Bei fast allen Flugzeugmodellen wird Kabinenluft aus den Turbinen abgezapft (Bild: Getty Images)
Bei fast allen Flugzeugmodellen wird Kabinenluft aus den Turbinen abgezapft (Bild: Getty Images)

Ähnliche Worte findet der Flugbegleiter Christian Richter*. Auch er fühle sich machtlos und habe Angst vor den langfristigen Schäden, denen Mitarbeiter und Passagiere durch die schlechte Luft im Flugzeug ausgesetzt sind. “Klare Verantwortung darin, die aktuelle Situation zu ändern, sehe ich auf Seiten der Flugzeugbauer und der Airlines”, sagt Richter. Während erstere das Gesundheitsrisiko durch neue Technologien vollständig ausschließen könnten, würden die Airlines selbst in dieser Hinsicht zu wenig Druck ausüben.
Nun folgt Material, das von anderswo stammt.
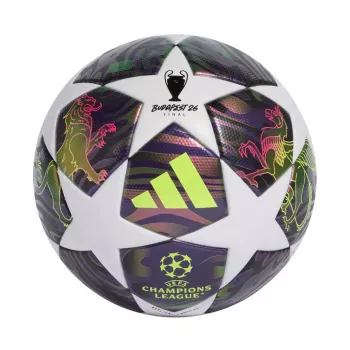 adidas UCL 25/26 Final League futbal veľkosť 5 fialová/biela JX9095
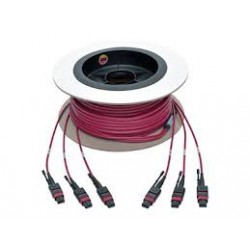 N858-11M-3X8-MG MTP/MPO Multimode Base-8 Trunk Cable, 24-Strand, 40GB/100GB, 40/100GBASE-SR4, OM4 Plenum-Rated (3xF/3xF), Push/Pull Tab, Magenta, 11 m (36 ft.)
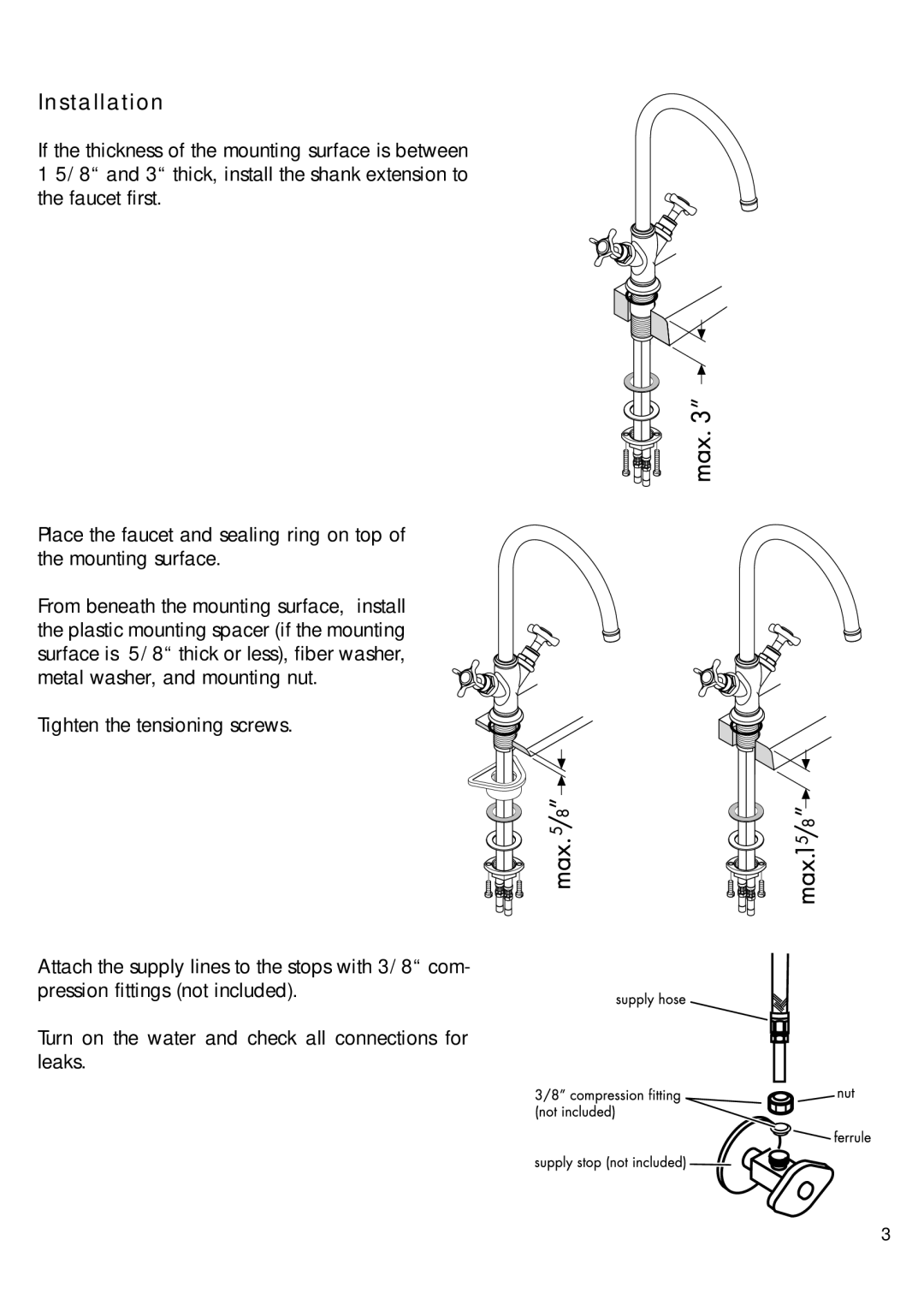 Axor 13961000, 98616XXX, 97997001, 97987000, 13898000 installation instructions Installation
Grund für die bisher ausbleibenden Maßnahmen vermutet der Mitarbeiter in den höheren Kosten, die auf Fluggesellschaften und Hersteller zukommen würden. “Das sind folglich Einsparungen, die gegen die Gesundheit von Mitarbeitern und Kunden abgewogen werden.”

Vereinigung Cockpit fordert Luftfilter

Obwohl die Problematik der kontaminierten Luft in Flugzeugen durch Zapfluft seit den 50er Jahren bekannt ist, ist der Boeing 787 Dreamliner weltweit aktuell das einzige Modell, in dem keine Zapfluft in das Flugzeug strömt. Staddessen wird die Kabinenluft aus der Umgebung des Flugzeuges angezogen und in das Innere geführt, ohne zuvor durch die Triebwerke zu strömen.

Laut der Vereinigung Cockpit (VC), dem Interessenverband der Flugzeugführer und Flugingenieure in Deutschland, ist es jedoch nicht möglich, Herstellern und Airlines vorzuschreiben, die Belüftung von Flugzeugen in dieser Weise umzusetzen. Daher fordert der Verband den umgehenden Einbau von Filtern, um die Luft in Kabine und Cockpit so gut wie möglich von den Trieböl-Schadstoffen zu befreien.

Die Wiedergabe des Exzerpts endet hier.